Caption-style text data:
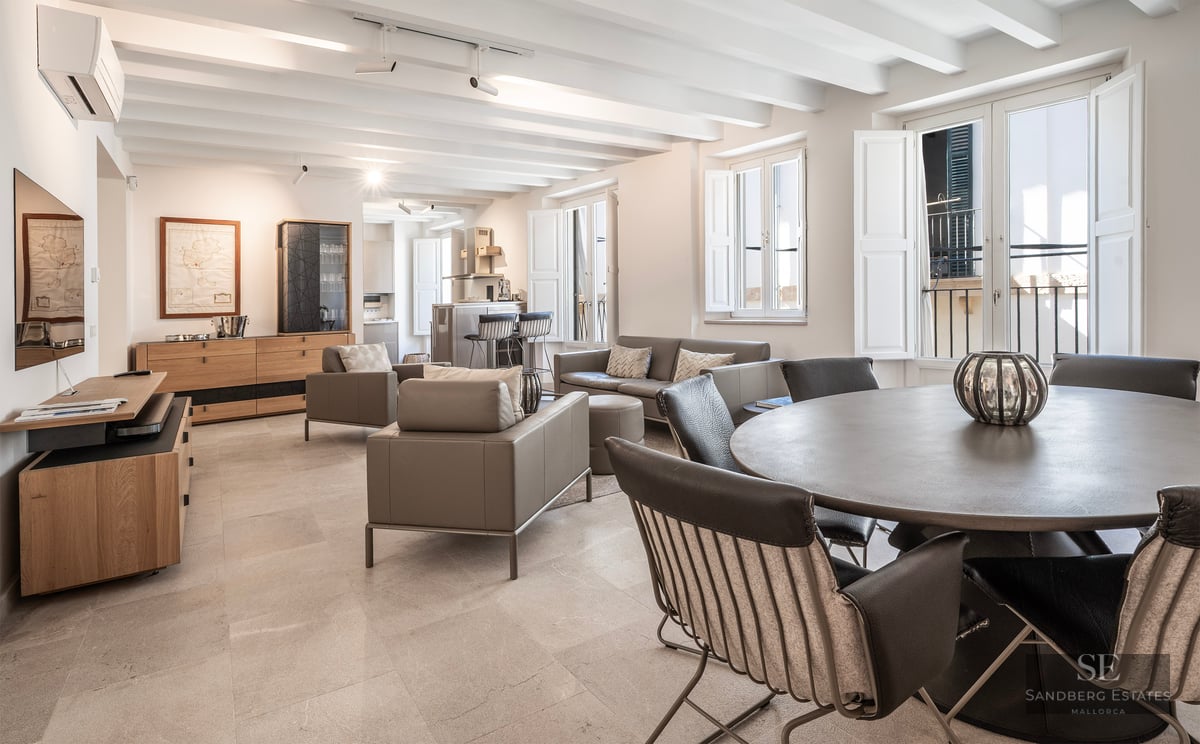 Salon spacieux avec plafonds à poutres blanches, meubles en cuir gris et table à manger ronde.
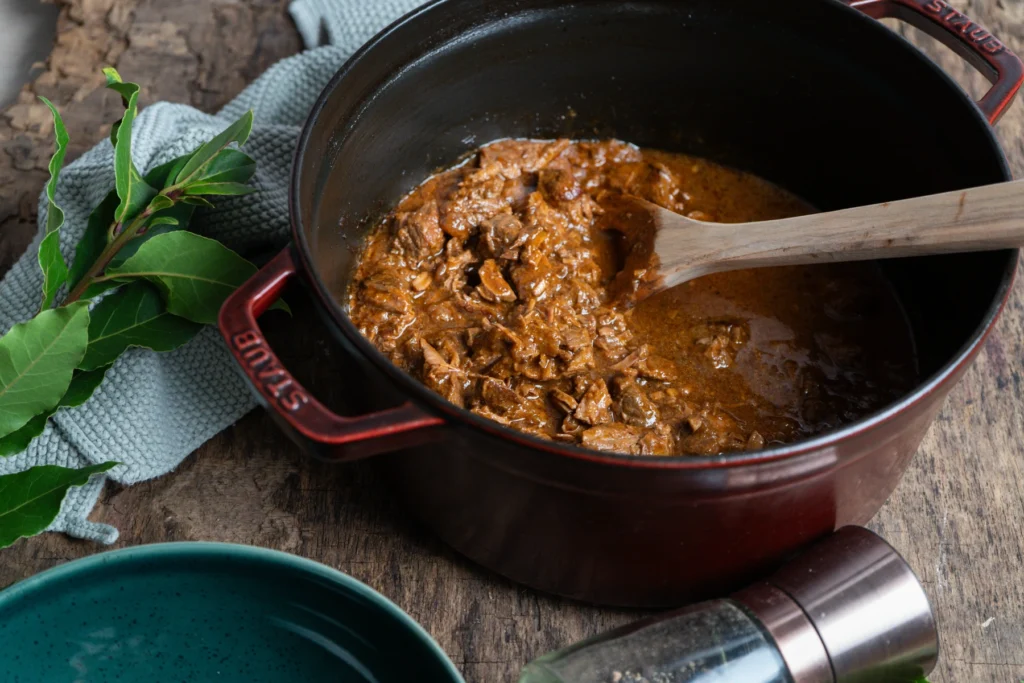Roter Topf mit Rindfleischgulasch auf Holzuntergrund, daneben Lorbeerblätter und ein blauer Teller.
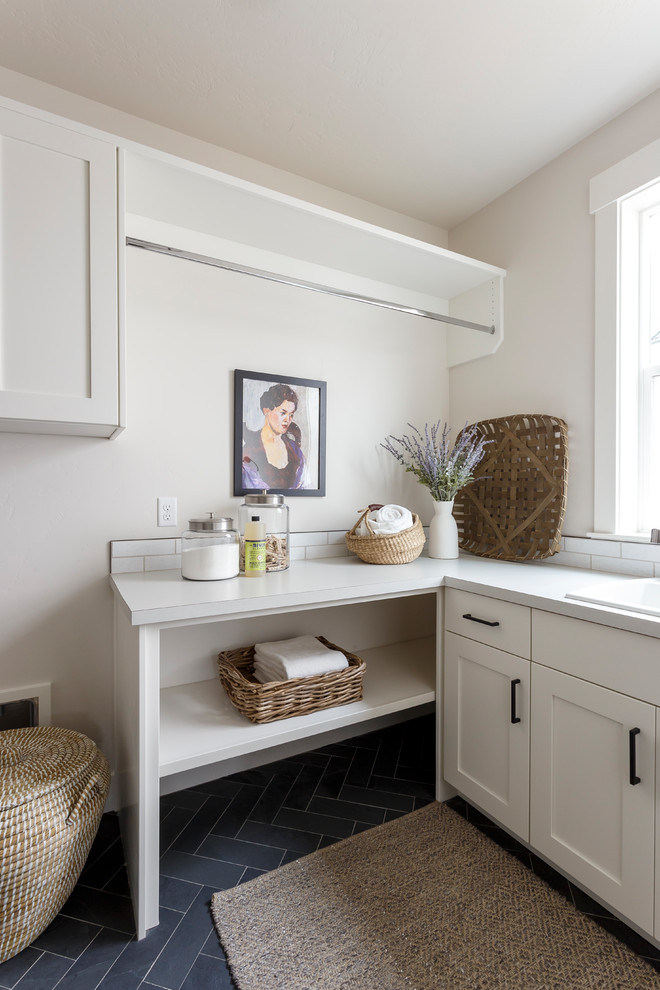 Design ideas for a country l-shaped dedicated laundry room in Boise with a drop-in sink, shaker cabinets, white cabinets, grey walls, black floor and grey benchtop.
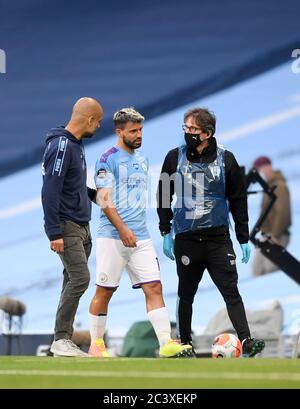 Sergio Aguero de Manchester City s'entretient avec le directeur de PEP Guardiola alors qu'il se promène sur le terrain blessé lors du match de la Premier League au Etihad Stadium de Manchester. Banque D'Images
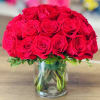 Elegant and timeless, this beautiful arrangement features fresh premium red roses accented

* _TASK DESCRIPTION_:
Restate each line of the records exactly; pictures do not belong in the copy.

* _RESPONSE TO THE EXERCISE_:
 Salon spacieux avec plafonds à poutres blanches, meubles en cuir gris et table à manger ronde.
Roter Topf mit Rindfleischgulasch auf Holzuntergrund, daneben Lorbeerblätter und ein blauer Teller.
 Design ideas for a country l-shaped dedicated laundry room in Boise with a drop-in sink, shaker cabinets, white cabinets, grey walls, black floor and grey benchtop.
 Sergio Aguero de Manchester City s'entretient avec le directeur de PEP Guardiola alors qu'il se promène sur le terrain blessé lors du match de la Premier League au Etihad Stadium de Manchester. Banque D'Images
 Elegant and timeless, this beautiful arrangement features fresh premium red roses accented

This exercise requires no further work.